[Task to complete] Print word for word the first line of the records below and every following line through the one containing "10e9a46c376a7374e6bd874f25718fd4"; print nothing else.

[Stored data]
▬▬▬▬▬▬
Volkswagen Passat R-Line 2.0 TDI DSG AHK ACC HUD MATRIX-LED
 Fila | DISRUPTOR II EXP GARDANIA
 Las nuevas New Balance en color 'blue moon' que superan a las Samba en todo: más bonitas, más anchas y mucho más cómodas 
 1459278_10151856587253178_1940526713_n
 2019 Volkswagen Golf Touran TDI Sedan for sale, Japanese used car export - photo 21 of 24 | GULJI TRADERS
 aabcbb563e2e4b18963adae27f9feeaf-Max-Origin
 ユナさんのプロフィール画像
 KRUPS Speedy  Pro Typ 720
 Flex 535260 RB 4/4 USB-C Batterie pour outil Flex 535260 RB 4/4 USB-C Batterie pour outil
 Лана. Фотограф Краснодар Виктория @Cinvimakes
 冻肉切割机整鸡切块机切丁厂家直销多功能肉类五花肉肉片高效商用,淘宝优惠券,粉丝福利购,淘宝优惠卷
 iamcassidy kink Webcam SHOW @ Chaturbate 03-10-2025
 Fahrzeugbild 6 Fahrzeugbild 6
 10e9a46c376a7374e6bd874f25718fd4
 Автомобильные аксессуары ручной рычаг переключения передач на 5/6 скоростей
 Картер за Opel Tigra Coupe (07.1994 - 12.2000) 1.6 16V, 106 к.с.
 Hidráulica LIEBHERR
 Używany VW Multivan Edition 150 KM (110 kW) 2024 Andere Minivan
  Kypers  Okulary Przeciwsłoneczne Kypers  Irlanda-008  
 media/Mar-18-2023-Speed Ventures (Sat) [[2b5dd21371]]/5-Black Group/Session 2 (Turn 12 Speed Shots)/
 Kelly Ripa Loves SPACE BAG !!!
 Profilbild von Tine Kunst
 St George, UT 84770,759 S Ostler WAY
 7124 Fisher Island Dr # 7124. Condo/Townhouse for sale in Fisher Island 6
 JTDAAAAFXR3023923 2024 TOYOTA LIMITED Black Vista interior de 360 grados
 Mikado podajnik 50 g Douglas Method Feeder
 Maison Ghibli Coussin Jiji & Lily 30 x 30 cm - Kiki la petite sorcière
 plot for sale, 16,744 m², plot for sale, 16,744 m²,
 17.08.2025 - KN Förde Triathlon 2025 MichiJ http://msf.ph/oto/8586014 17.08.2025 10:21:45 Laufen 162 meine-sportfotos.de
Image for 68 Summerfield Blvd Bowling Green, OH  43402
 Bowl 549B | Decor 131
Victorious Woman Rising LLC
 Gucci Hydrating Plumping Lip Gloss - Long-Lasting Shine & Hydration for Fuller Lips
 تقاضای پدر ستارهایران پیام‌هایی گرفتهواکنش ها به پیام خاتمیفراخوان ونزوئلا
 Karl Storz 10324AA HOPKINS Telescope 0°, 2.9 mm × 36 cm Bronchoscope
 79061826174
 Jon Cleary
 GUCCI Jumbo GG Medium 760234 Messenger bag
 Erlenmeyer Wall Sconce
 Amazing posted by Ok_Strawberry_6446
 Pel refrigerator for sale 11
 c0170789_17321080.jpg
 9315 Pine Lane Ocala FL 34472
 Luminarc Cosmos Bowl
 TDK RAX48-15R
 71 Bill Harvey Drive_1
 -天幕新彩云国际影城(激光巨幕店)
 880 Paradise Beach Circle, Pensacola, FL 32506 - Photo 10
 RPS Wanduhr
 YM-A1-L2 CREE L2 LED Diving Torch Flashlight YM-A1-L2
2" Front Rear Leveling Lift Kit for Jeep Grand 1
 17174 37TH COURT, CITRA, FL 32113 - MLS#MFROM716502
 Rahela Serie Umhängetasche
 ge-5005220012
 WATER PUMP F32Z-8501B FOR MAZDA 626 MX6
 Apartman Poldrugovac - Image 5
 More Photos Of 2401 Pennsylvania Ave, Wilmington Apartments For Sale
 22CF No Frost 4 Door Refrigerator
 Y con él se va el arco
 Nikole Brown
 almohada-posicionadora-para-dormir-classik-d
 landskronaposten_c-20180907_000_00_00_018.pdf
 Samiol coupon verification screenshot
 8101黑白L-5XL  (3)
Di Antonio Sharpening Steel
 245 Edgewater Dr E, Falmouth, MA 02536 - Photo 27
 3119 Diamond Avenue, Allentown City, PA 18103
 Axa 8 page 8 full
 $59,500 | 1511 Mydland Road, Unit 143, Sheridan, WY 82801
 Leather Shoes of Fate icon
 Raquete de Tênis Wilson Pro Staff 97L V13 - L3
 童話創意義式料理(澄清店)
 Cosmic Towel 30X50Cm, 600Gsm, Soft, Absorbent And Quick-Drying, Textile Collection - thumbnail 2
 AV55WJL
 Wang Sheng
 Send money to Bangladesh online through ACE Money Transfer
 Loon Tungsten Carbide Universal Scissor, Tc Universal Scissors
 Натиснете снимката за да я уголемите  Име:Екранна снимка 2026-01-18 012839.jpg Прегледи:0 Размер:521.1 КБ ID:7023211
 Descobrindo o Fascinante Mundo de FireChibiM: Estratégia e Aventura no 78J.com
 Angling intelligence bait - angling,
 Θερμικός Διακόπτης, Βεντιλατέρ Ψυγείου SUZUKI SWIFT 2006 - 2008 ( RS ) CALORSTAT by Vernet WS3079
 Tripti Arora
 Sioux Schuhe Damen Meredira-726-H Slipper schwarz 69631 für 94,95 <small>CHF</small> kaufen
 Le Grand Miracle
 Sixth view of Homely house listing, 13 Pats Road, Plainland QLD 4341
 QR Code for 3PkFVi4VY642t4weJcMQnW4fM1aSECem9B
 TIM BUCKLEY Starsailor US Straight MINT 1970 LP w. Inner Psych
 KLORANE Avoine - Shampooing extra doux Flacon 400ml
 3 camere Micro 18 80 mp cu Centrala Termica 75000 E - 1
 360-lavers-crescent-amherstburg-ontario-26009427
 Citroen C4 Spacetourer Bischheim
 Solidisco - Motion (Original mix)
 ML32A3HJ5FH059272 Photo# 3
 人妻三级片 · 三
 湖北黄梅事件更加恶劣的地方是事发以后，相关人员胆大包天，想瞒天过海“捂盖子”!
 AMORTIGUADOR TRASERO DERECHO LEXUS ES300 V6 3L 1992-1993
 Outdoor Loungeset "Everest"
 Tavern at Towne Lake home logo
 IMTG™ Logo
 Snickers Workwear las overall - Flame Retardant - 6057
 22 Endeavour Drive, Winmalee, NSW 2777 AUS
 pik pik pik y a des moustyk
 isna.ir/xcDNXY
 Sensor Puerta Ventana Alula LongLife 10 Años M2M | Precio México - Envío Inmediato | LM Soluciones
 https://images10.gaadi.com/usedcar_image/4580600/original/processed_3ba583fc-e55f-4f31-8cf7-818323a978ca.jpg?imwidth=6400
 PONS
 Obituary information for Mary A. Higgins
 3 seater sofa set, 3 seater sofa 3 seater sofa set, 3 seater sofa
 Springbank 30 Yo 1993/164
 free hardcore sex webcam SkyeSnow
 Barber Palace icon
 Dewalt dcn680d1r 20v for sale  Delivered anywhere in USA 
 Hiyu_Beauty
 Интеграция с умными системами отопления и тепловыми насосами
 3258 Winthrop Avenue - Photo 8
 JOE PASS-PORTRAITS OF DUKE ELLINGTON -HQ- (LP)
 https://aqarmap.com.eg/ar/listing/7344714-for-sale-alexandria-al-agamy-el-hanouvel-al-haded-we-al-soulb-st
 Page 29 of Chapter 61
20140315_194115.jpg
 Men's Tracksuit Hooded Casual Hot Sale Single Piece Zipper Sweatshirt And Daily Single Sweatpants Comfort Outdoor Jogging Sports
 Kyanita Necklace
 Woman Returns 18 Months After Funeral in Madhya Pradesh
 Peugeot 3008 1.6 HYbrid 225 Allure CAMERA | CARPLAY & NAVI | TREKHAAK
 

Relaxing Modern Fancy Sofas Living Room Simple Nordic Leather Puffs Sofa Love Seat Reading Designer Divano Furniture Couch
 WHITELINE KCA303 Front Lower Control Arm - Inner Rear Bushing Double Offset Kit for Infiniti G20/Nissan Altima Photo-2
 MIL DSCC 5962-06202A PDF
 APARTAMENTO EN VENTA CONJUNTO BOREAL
▬▬▬▬▬▬
[Solution to this exercise]
Volkswagen Passat R-Line 2.0 TDI DSG AHK ACC HUD MATRIX-LED
 Fila | DISRUPTOR II EXP GARDANIA
 Las nuevas New Balance en color 'blue moon' que superan a las Samba en todo: más bonitas, más anchas y mucho más cómodas 
 1459278_10151856587253178_1940526713_n
 2019 Volkswagen Golf Touran TDI Sedan for sale, Japanese used car export - photo 21 of 24 | GULJI TRADERS
 aabcbb563e2e4b18963adae27f9feeaf-Max-Origin
 ユナさんのプロフィール画像
 KRUPS Speedy  Pro Typ 720
 Flex 535260 RB 4/4 USB-C Batterie pour outil Flex 535260 RB 4/4 USB-C Batterie pour outil
 Лана. Фотограф Краснодар Виктория @Cinvimakes
 冻肉切割机整鸡切块机切丁厂家直销多功能肉类五花肉肉片高效商用,淘宝优惠券,粉丝福利购,淘宝优惠卷
 iamcassidy kink Webcam SHOW @ Chaturbate 03-10-2025
 Fahrzeugbild 6 Fahrzeugbild 6
 10e9a46c376a7374e6bd874f25718fd4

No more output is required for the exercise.